Davalı vekili davanın reddine karar verilmesini talep etmiştir.
Mahkemece, toplanan delillere göre, davanın kısmen kabul, kısmen reddine, 1.321,74 TL maddi tazminatın dava tarihinden itibaren yasal faizi ile birlikte davalıdan alınarak davacıya verilmesine, fazlaya ilişkin talebin reddine, 11.000,00 TL manevi tazminatın dava tarihinden itibaren yasal faizi ile birlikte davalıdan alınarak davacıya verilmesine, fazlaya ilişkin talebin reddine, karar verilmiş; hüküm, davacı vekili ve davalı vekili tarafından temyiz edilmiştir.
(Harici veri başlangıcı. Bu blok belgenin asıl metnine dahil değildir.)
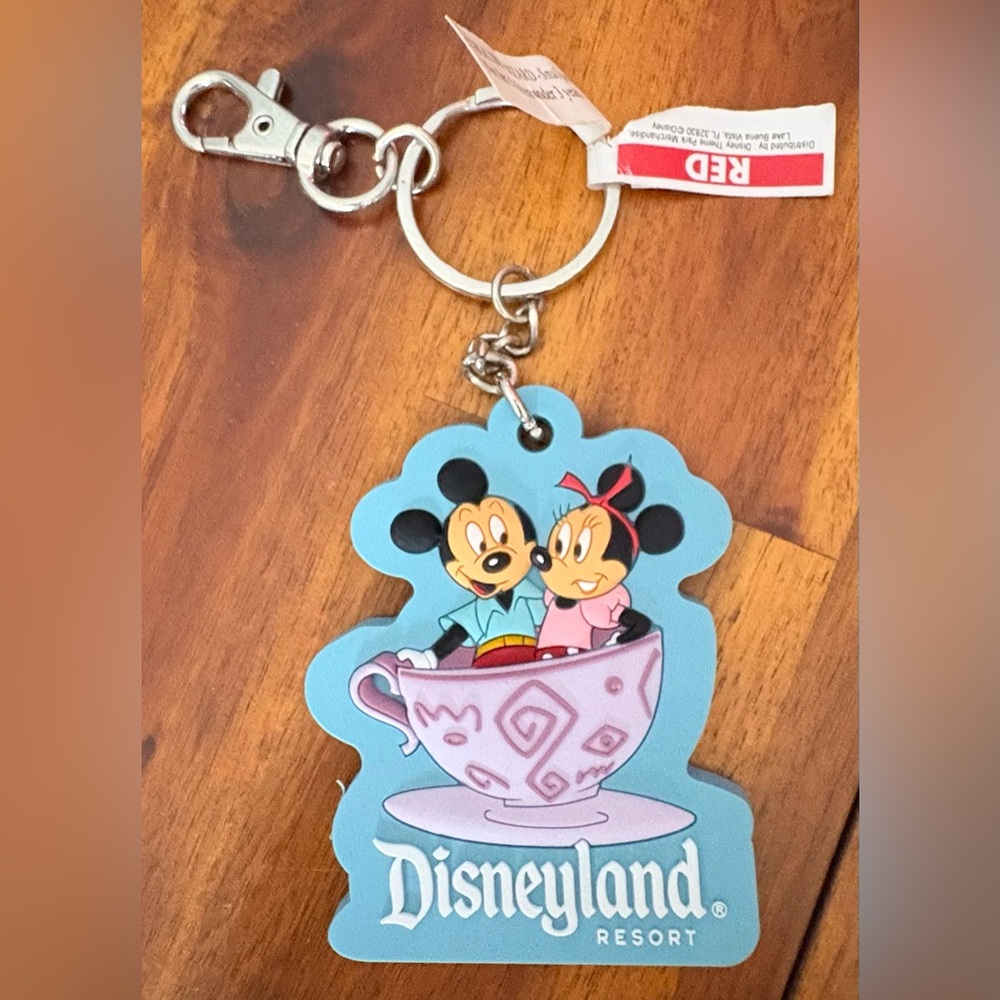 Disneyland Mickey and Minnie Teacup Keychain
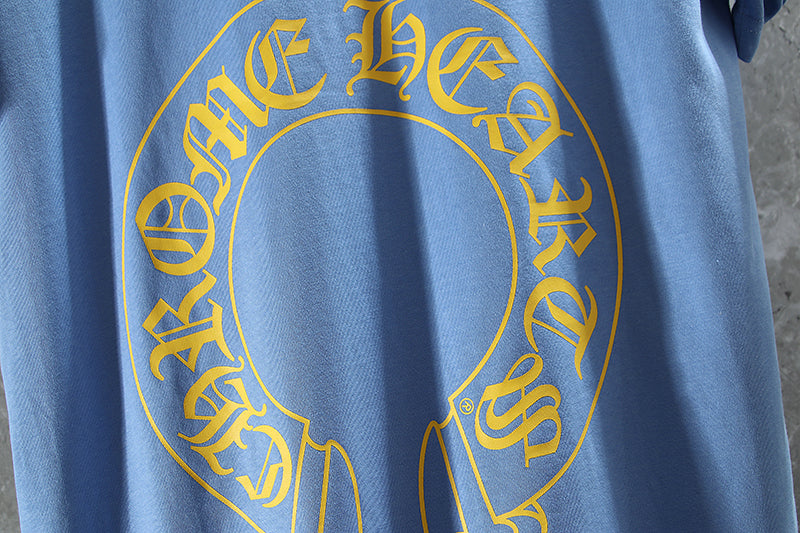 חולצת טי עם לבבות כרום K6019 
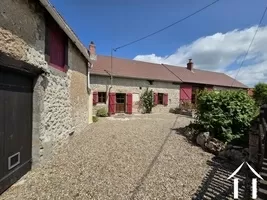 Farmhouse for sale cindre, auvergne, AP030071115 Image - 1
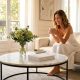 FreshMagazine - J'ai gardé ma vieille table basse des années par habitude : cette pièce en marbre à -70 % chez Maisons du Monde a tout changé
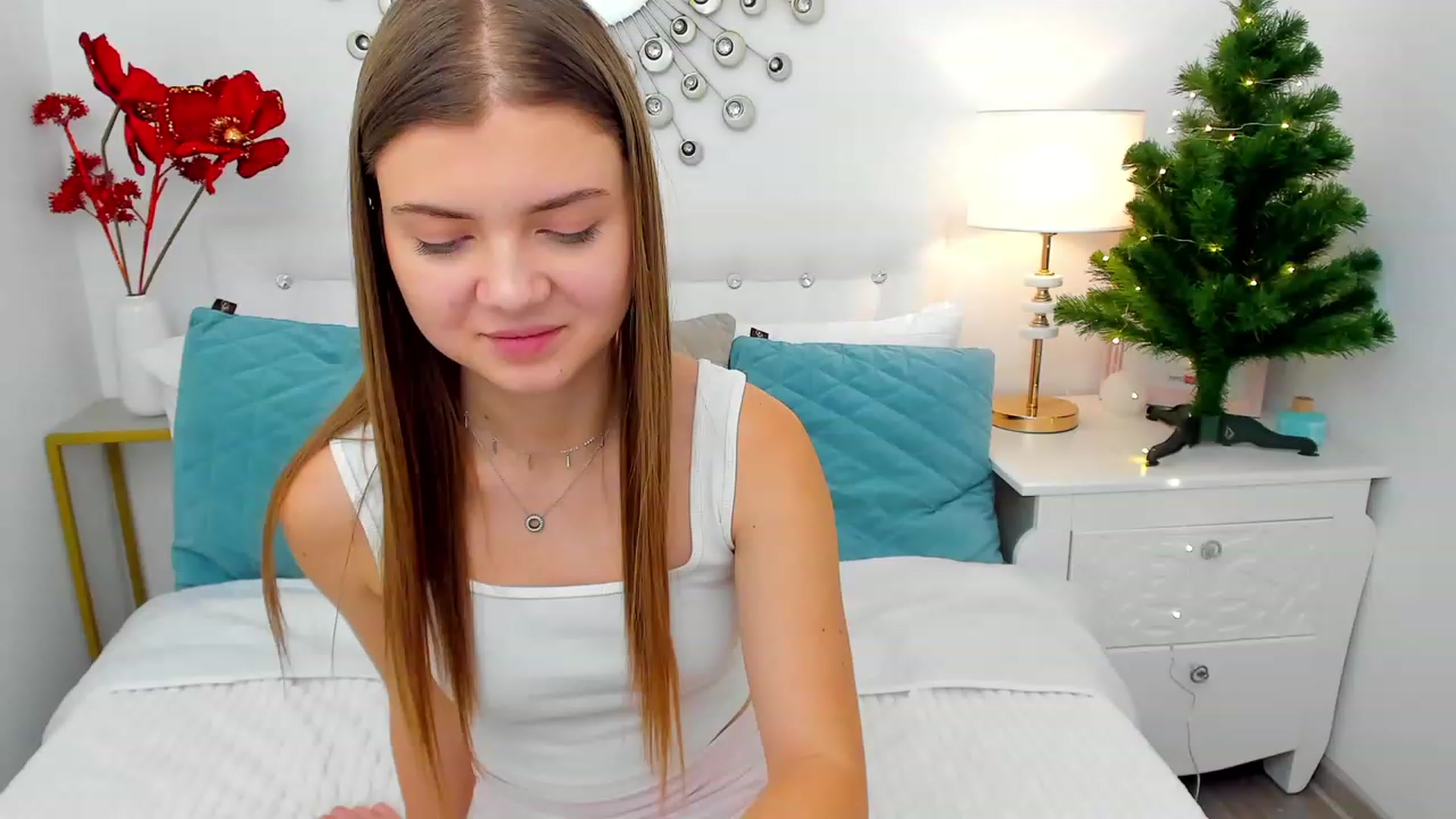 Gallery image thumbnail from LanaRey's myfreecams stream on, 12/15/2023, 13:01 image 3 of 20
1-6100 sayılı Hukuk Muhakemeleri Kanunu"nun geçici 3/2. maddesi delaletiyle 1086 sayılı Hukuk Usulü Muhakemeleri Kanunu"nun 427. maddesinde öngörülen kesinlik sınırı 01.01.2015 tarihinden itibaren 2.080,00 TL’ye çıkarılmıştır.
Temyize konu kararda, davacı için 2.500,00 TL maddi tazminat talep edilmiş ve mahkemece 1.321,74 TL maddi tazminatın davalıdan alınarak davacıya verilmesi yönünde hüküm tesis edilmiş olup; karar, anılan yasanın yürürlüğünden sonra verildiğinden, davacının lehine kabul olunan ve aleyhine ret olunan dava kısmının değeri kesin niteliktedir. Kesin olan kararların temyiz istemleri hakkında mahkemece bir karar verilebileceği gibi, 01.06.1990 gün 3/4 sayılı İçtihadı Birleştirme Kararı uyarınca Yargıtay’ca da temyiz isteminin reddine karar verilebileceğinden davacı ve davalı tarafın maddi tazminata ilişkin temyiz isteminin reddine dair karar vermek gerekmiştir.
2-Dosya içerisindeki bilgi ve belgelere, mahkeme kararının gerekçesinde, dayanılan delillerin tartışılıp, değerlendirilmesinde usul ve yasaya aykırı bir yön bulunmamasına göre davacı vekilinin tüm, davalı vekilinin aşağıdaki bentler dışında kalan sair temyiz itirazlarının reddine karar vermek gerekmiştir.
3-Dava, trafik kazasından kaynaklanan cismani zarar nedeniyle maddi ve manevi tazminat istemine ilişkindir.
Borçlar Kanunu"nun 47. maddesi hükmüne göre hakimin özel halleri göz önünde tutarak manevi zarar adı ile hak sahibine verilmesine karar vereceği bir para tutarı adalete uygun olmalıdır. Hükmedilecek bu para, zarara uğrayanda manevi huzuru doğurmayı gerçekleştirecek tazminata benzer bir fonksiyonu olan özgün bir nitelik taşır. Bir ceza olmadığı gibi, mamelek hukukuna ilişkin zararın karşılanmasını da amaç edinmemiştir. O halde, bu tazminatın sınırı onun amacına göre belirlenmelidir. Takdir edilecek miktar, mevcut halde elde edilmek istenilen tatmin duygusunun etkisine ulaşmak için gerekli olan kadar olmalıdır. 22.06.1966 günlü ve 7/7 sayılı Yargıtay İçtihadı Birleştirme Kararı"nın gerekçesinde takdir olunacak manevi tazminatın tutarını etkileyecek özel hal ve şartlar da açıkça gösterilmiştir. Bunlar her olaya göre değişebileceğinden hakim bu konuda takdir hakkını kullanırken ona etkili olan nedenleri de karar yerinde objektif ölçülere göre isabetli bir biçimde göstermelidir.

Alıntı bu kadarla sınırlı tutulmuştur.